Data extract Start Marker
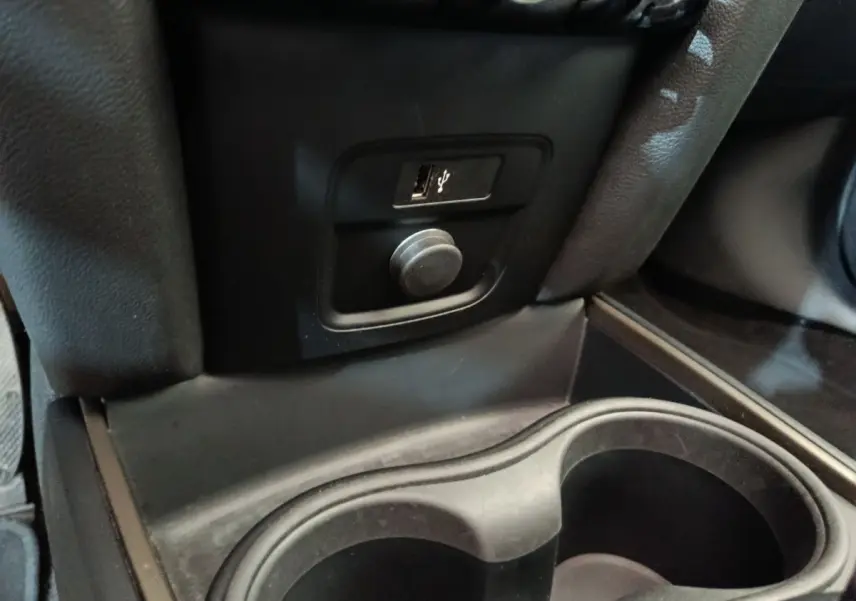 Prise USB et allume-cigare noirs en gros plan dans l’espace entre les sièges avant du MINI Countryman blanc 2021.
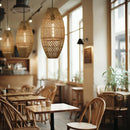 Thatch Cigar Rattan Lampshade above each table and chairs in a coffee shop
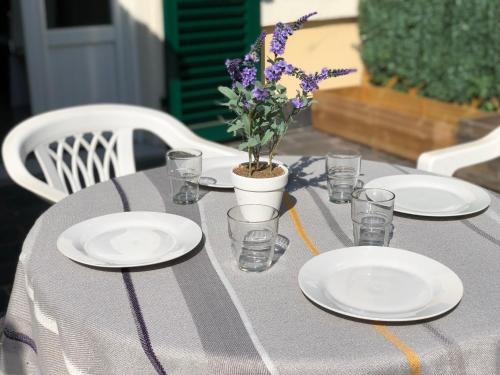 a table with plates and glasses and a potted plant on it at ABCdecor Italia in Imperia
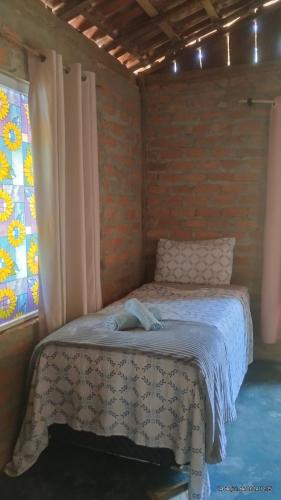 Ένα ή περισσότερα κρεβάτια σε δωμάτιο στο Camping e pousada dos sonhos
Data extract End Marker
### [Aim of the exercise]
Transcribe the material exactly, keeping every word and none of the pictures.

### [Exercise solution]
 Prise USB et allume-cigare noirs en gros plan dans l’espace entre les sièges avant du MINI Countryman blanc 2021.
 Thatch Cigar Rattan Lampshade above each table and chairs in a coffee shop
 a table with plates and glasses and a potted plant on it at ABCdecor Italia in Imperia
 Ένα ή περισσότερα κρεβάτια σε δωμάτιο στο Camping e pousada dos sonhos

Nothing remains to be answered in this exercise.